DATA TO EXAMINE —
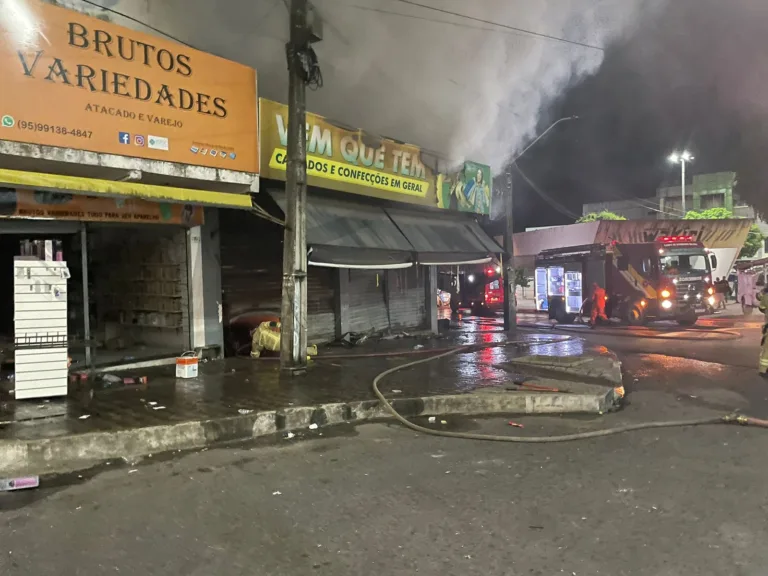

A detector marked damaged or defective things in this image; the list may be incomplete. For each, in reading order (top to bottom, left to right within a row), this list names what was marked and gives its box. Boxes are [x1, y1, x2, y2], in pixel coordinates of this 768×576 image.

damaged awning [270, 191, 414, 268]
damaged awning [384, 207, 504, 266]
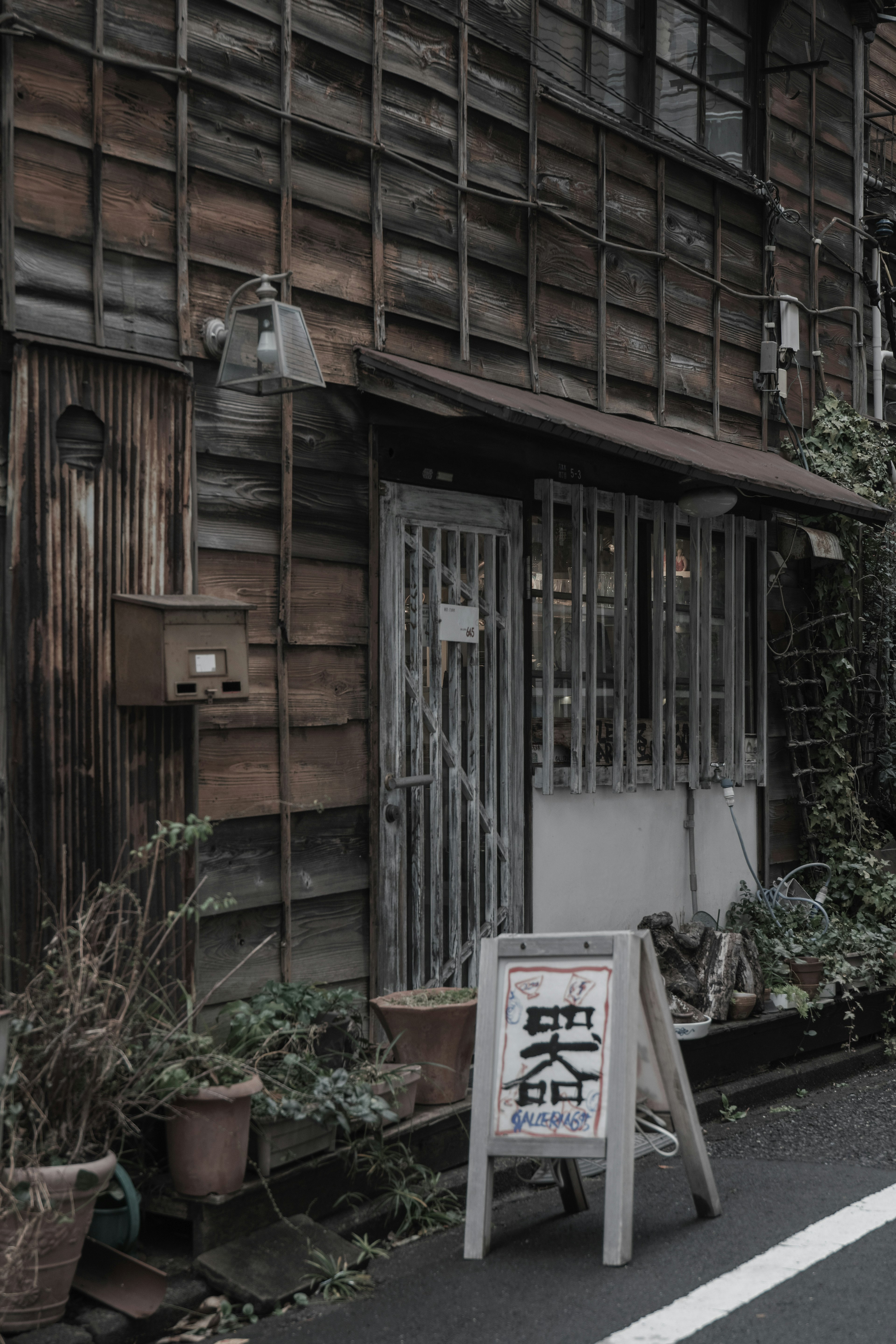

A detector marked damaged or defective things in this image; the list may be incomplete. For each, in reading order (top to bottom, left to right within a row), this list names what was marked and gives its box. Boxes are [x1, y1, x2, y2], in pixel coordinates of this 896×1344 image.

rusted metal mailbox [112, 597, 254, 709]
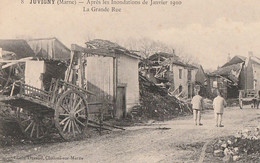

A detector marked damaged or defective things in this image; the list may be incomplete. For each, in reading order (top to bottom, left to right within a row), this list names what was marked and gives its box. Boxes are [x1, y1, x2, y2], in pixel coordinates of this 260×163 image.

damaged house [141, 52, 198, 98]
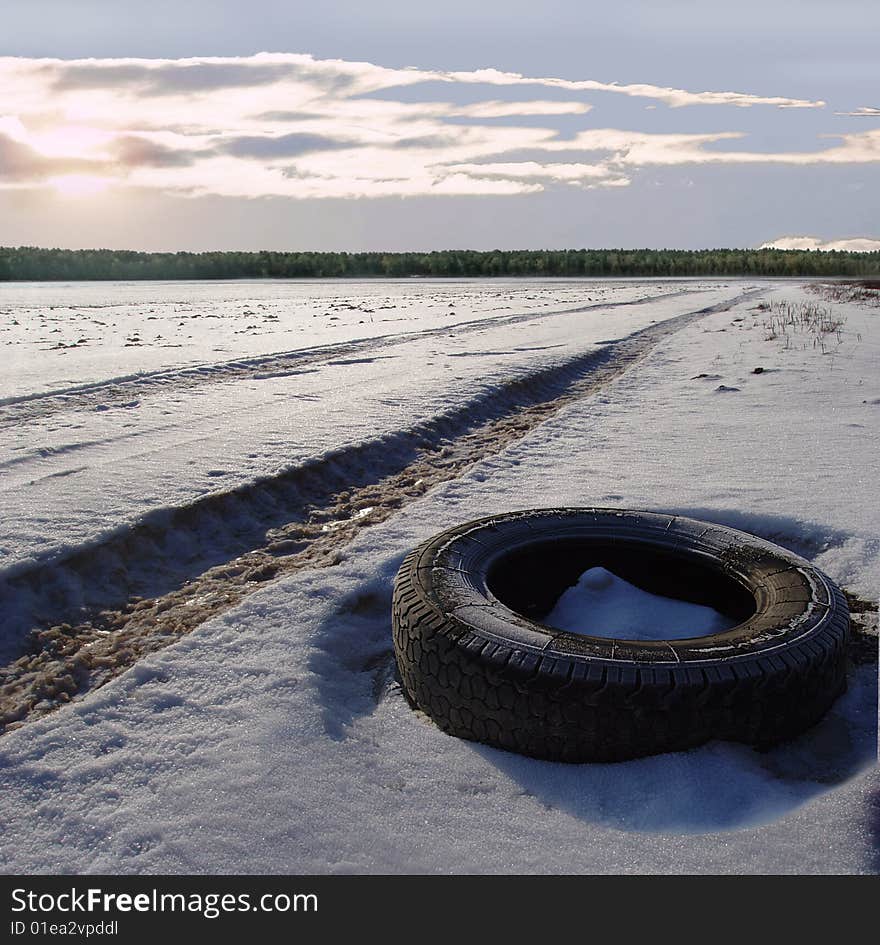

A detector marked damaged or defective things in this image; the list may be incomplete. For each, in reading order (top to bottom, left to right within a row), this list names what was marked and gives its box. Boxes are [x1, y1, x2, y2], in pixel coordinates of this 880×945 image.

abandoned black tire [390, 508, 844, 760]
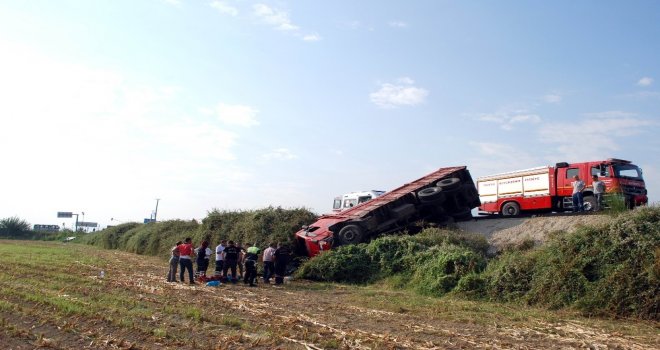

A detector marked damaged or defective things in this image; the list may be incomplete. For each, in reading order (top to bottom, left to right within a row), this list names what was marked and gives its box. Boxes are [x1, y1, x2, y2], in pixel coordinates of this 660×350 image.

overturned red truck [296, 167, 480, 258]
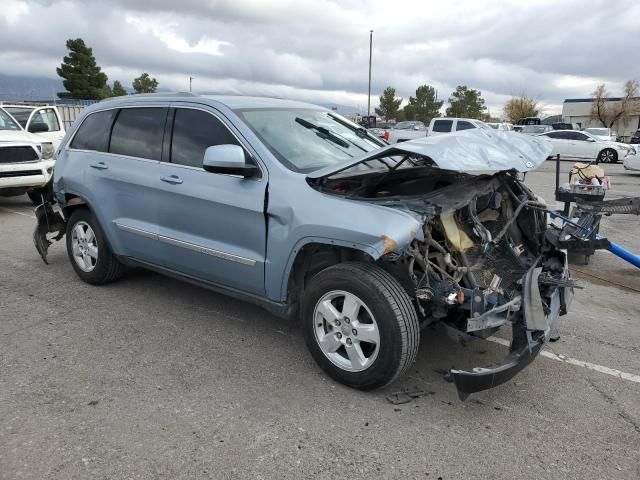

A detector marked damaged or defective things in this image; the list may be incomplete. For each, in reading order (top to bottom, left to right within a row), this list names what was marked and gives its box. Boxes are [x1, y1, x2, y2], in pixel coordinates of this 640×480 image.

damaged light blue suv [33, 92, 576, 400]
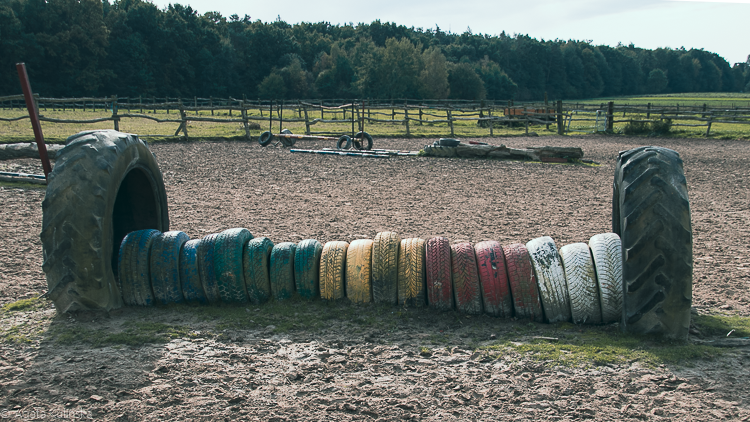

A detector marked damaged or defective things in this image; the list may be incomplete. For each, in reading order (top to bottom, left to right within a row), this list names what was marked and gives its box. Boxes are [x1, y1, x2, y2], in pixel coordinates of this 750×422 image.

rusty metal pole [16, 63, 52, 179]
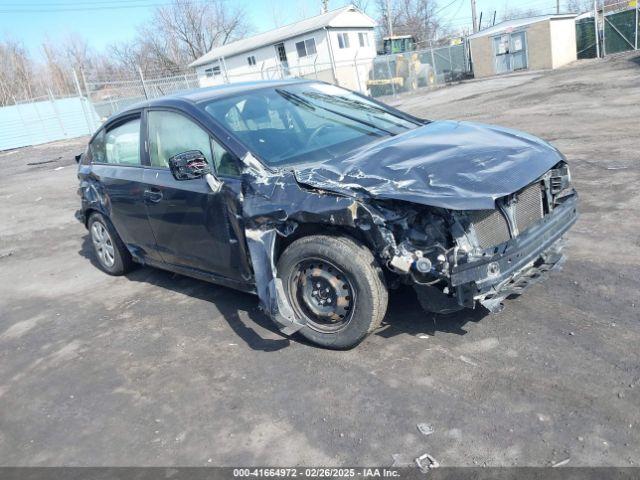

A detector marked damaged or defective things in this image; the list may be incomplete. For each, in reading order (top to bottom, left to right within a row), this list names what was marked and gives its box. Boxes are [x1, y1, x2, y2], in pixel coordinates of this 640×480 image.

damaged black sedan [77, 79, 576, 348]
bent hood [292, 121, 564, 209]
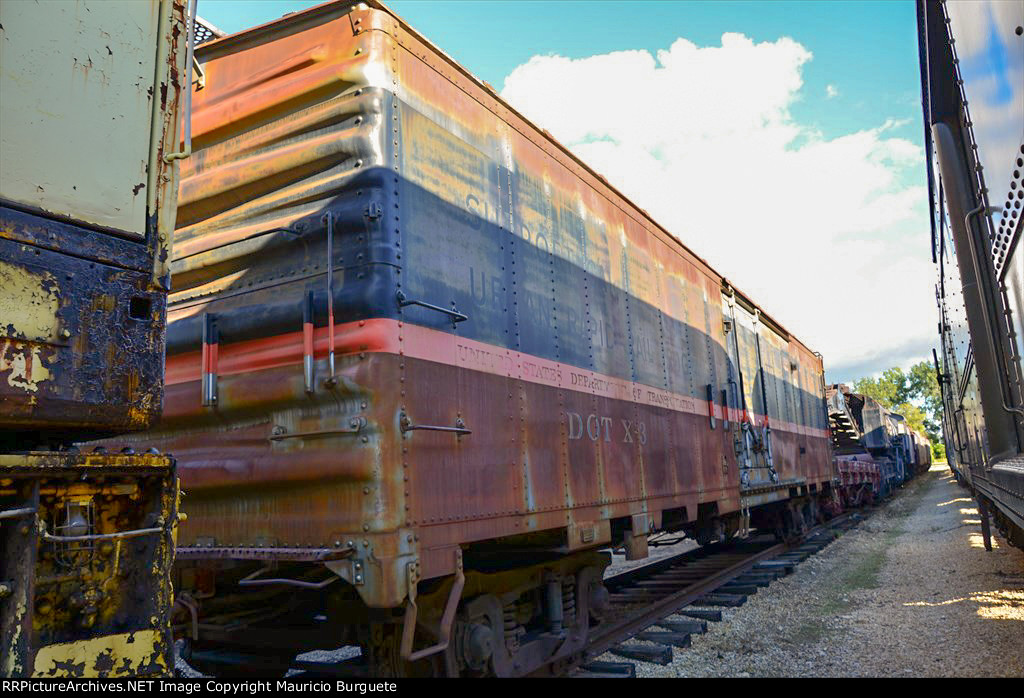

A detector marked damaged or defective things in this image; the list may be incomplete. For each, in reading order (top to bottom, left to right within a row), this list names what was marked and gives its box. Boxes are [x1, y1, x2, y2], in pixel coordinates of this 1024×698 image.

rusted metal surface [0, 450, 177, 675]
rusty railcar [1, 0, 192, 675]
rusted metal surface [128, 1, 835, 663]
rusty railcar [140, 0, 835, 675]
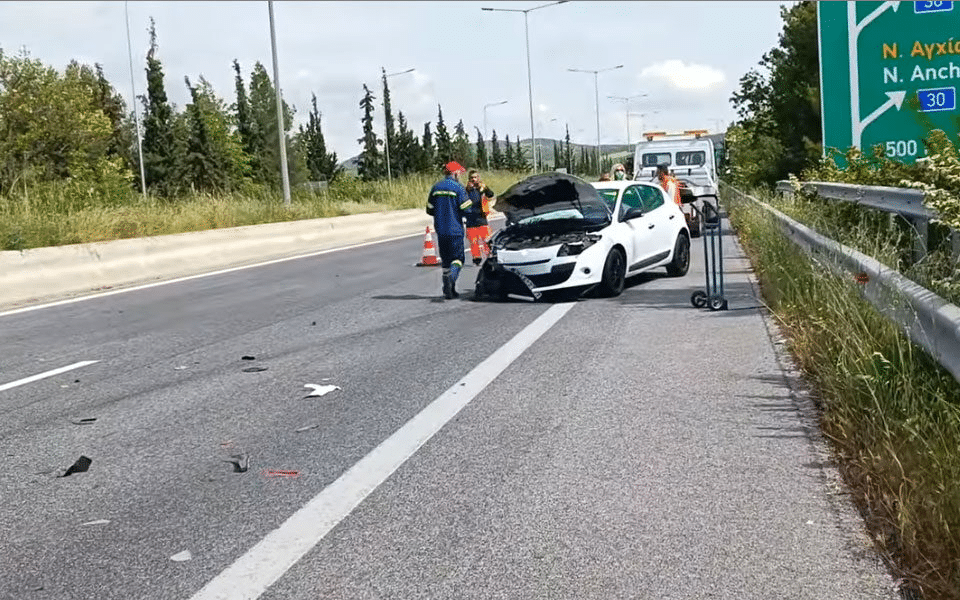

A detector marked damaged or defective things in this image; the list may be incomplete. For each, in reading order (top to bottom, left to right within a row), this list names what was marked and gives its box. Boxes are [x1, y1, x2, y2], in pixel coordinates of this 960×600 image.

EXERCISE REQUIREMENTS — The entries above, every one of them, should be retyped exactly, with no pictures carried over.

SOLUTION BELOW —
A detector marked damaged or defective things in this image; the list may be incomplete. For each, in reading order (top to bottom, left to right within a row), this list names what was marked and gives its box. Boxes are [x1, y1, x2, y2], in pixel coordinates of this 768×576 image.

damaged awning [270, 191, 414, 268]
damaged awning [384, 207, 504, 266]

A detector marked damaged or defective things in this image; the list may be incomplete. For each, in reading order (top to bottom, left to right within a row), this list names what was marked and gives its box. Boxes are [x1, y1, x2, y2], in pixel coordinates of this 896×1344 image.

rusted metal mailbox [112, 597, 254, 709]

A detector marked damaged or defective things in this image; the list may be incomplete. For each, in reading order (top to bottom, left to right within a row), this list names what was marked and gives its box. Boxes are [x1, y1, x2, y2], in pixel coordinates of this 260×163 image.

damaged house [141, 52, 198, 98]

A detector marked damaged or defective things in this image; the list may be incomplete. For each, in reading order (top to bottom, left to right within a row), this list names what was marked and gives its box. Boxes are [x1, y1, x2, y2], in pixel coordinates of this 880×945 image.

abandoned black tire [390, 508, 844, 760]

A detector marked damaged or defective things in this image; the list may be incomplete. For each, in reading order (top to bottom, left to right within a row), this list names what was marked and gives its box. Boxes are [x1, y1, x2, y2], in pixel coordinates of this 660×350 image.

overturned red truck [296, 167, 480, 258]

A detector marked damaged or defective things in this image; the list may be incomplete. For each, in reading order (top to bottom, left to right within a row), this list names what was marked and gives its box. Boxes are [x1, y1, x2, y2], in pixel coordinates of this 640×480 image.

damaged light blue suv [33, 92, 576, 400]

A detector marked damaged or defective things in this image; the list may be incomplete. For each, in reading order (top to bottom, left to right within a row), this list names what was marked and gives its box. Boxes are [x1, y1, x2, y2], in pixel coordinates of this 750×422 image.

rusty metal pole [16, 63, 52, 179]

A detector marked damaged or defective things in this image; the list may be incomplete. For each, in reading order (top to bottom, left to right within a row), this list names what was marked and gives its box. Boxes are [x1, y1, x2, y2], in pixel coordinates of this 640×480 image.

damaged black sedan [77, 79, 576, 348]
bent hood [292, 121, 564, 209]

A detector marked damaged or defective things in this image; the list may be incomplete. For each, in reading order (top to bottom, left to right within a row), this list names what was marked and gives its box. Boxes are [x1, y1, x2, y2], in pixel coordinates of this 1024×698 image.

rusted metal surface [0, 450, 177, 675]
rusty railcar [1, 0, 192, 675]
rusted metal surface [128, 1, 835, 663]
rusty railcar [140, 0, 835, 675]

A detector marked damaged or defective things in this image; the list may be incomplete. For each, in reading order (top to bottom, left to right within a row), this list names what was marked and gives its box. Boxes are [x1, y1, x2, y2], in pixel coordinates of this 960×600 image.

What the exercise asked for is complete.